WARNING!!!! If using non-factory elements it is EXTREMELY important that you pay attention to closely matching the wattage of the existing elements. Putting in lower wattage elements will result in slower warm up times for the oven, and putting in higher wattage elements could be an EXTREMELY DANGEROUS FIRE HAZARD because the element would burn hotter than the stove was designed for and could potentially cause a fire due to this, OR it could cause a fire due to overloading and heating up or burning the supply wiring inside the stove because it wasn't rated to supply that high a wattage/current. WARNING!!!!
I realize that this kind of mix-and-match parts finding is not something that a person without some good DIY skills and experience would be able to do. However, competent professional repair people can and do use quality generic replacement parts all the time for out-of-warranty repairs -- they just make sure that the manufacturer is known for their quality and the wattage is an exact or very close match, and thus maintain the engineering and safety integrity of the stove.
3. Regarding getting factory replacement parts for these La Germania branded stoves:
While the parts can be ordered directly from Italy, I was quoted more than $100 just for shipping to get the parts I wanted shipped direct from Bertazzoni in Italy. Because La Germania and its parent company Bertazzoni produced very similar products, a great many of the parts were shared. Because of this, a Bertazzoni U.S. parts distributor like Reliable Parts will be able to supply many of the wearing parts (elements, burner caps, hinges, door seals, etc.) from their existing Bertazzoni stock. They would just need to contact their Bertazzoni representative and ask for the cross-matching part numbers between the two related companies when the part numbers differ. The U.S. parts distributors order a lot of parts at a time, possibly by the container load, which drastically reduces the cost of shipping for each individual part. So, if you aren't the experienced DIY type person that can work with matching and using domestic replacement parts, or just want to stay with the original factory parts -- attempting to get replacement parts through a U.S. Bertazzoni parts distributor could save you a lot of money (and time). I know this to be true because I researched getting the parts through Reliable Parts prior to discovering I could find and use domestic replacements.

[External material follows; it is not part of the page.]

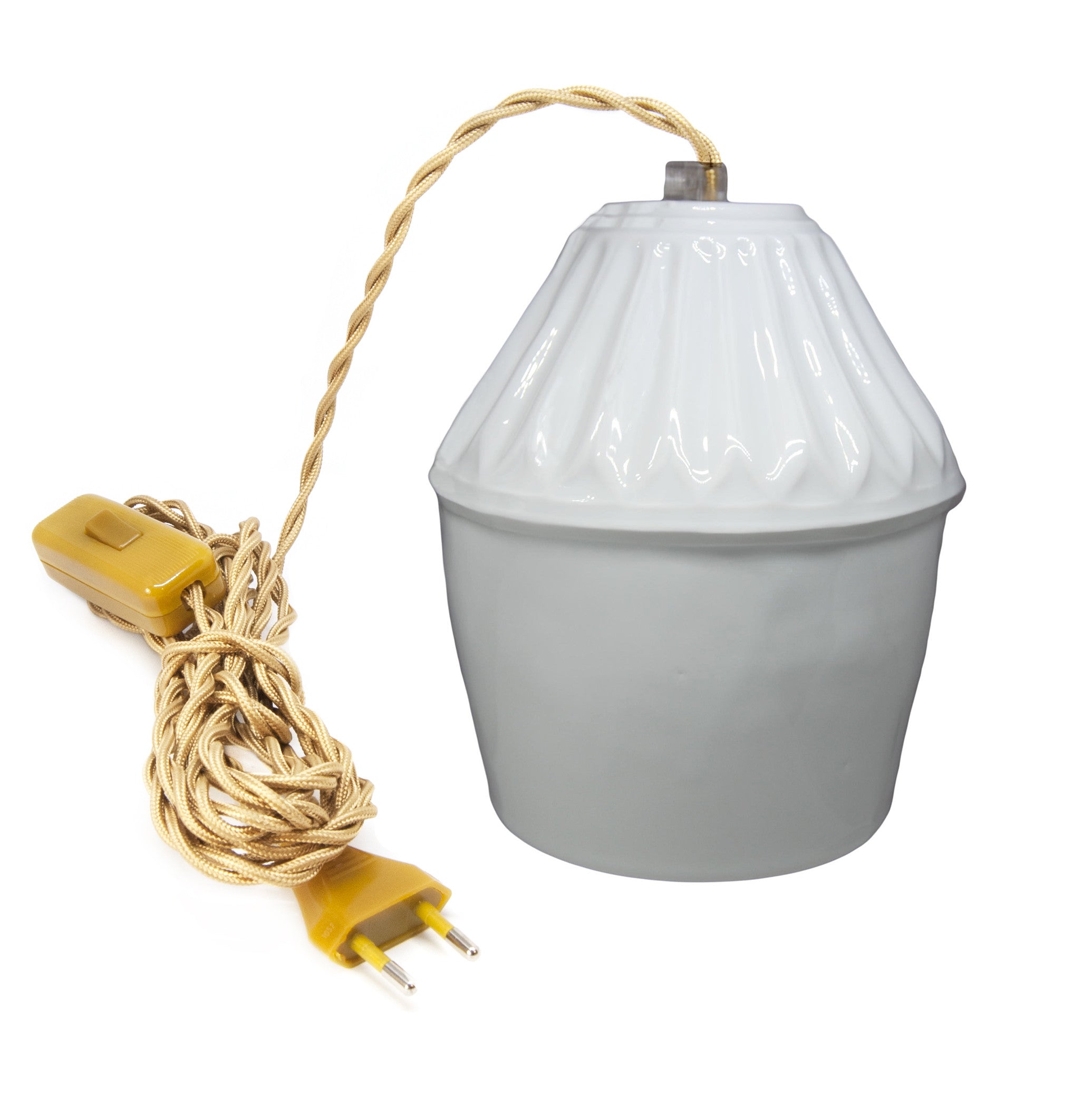 Siam white porcelain portable lamp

4. The oven light bulbs for these stoves are hard to find, and expensive in the U.S. because of their shape and voltage. I was quoted between 8 to 10 dollars per bulb (not including shipping). However, if you do a search on a site like Ebay, you can find these bulbs for a lot less, even when considering the shipping cost. If you can wait for 2-3 weeks you can get a pair of these bulbs for about $2.50 from China or Hong Kong, including shipping. If you want to order from the UK to get quicker shipping, you can find them for about $8 for 2 including shipping. Just do a search for "25W 220V oven E14" or "25W 220V 300C E14" and you'll find them. Make sure they are high temperature rated (300 degrees Centigrade.) You can find them on Amazon as well, but I only saw Chinese suppliers listed (a 3-4 week shipping time usually indicates a Chinese seller).
Posted on Nov 09, 2009
If you go any hardware store (Lowe's, Home Depot) they have universal knob replacement kits. Take your old knob with you and ask for help from someone who looks like they know something (the old guy). Its so much cheaper this way, exact replacement knobs can run $20 or more each. Good luck!!